** What is required **
Your copy of the listing must be exact and must hold no images.

** Data block **
____________
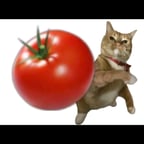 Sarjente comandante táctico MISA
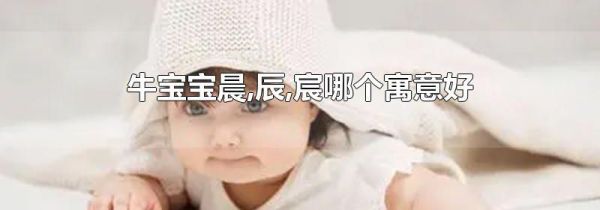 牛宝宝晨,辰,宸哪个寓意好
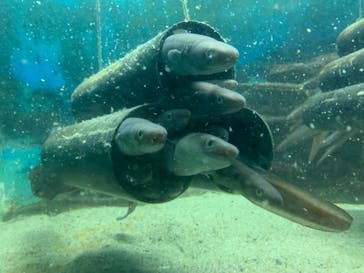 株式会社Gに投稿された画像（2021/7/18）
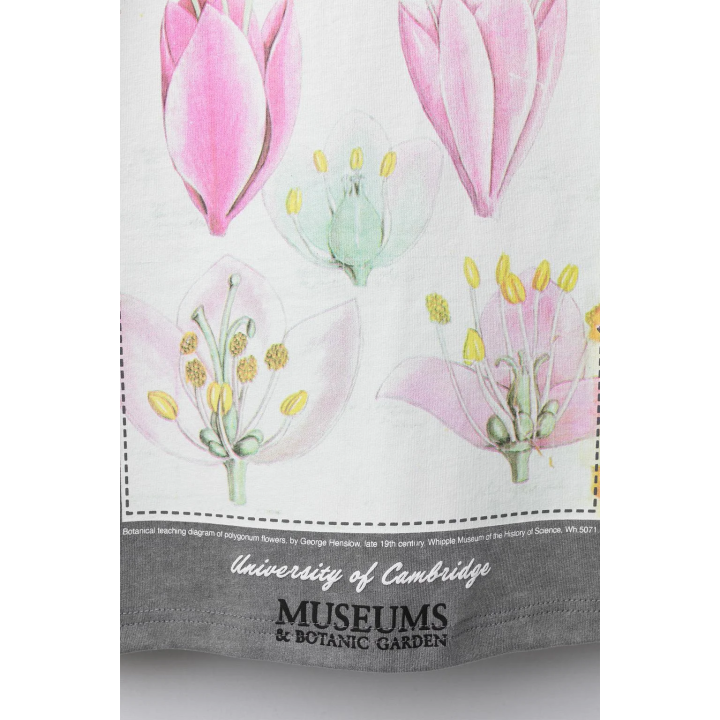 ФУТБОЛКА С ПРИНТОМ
____________
** Solution to the exercise **
 Sarjente comandante táctico MISA
 牛宝宝晨,辰,宸哪个寓意好
 株式会社Gに投稿された画像（2021/7/18）
 ФУТБОЛКА С ПРИНТОМ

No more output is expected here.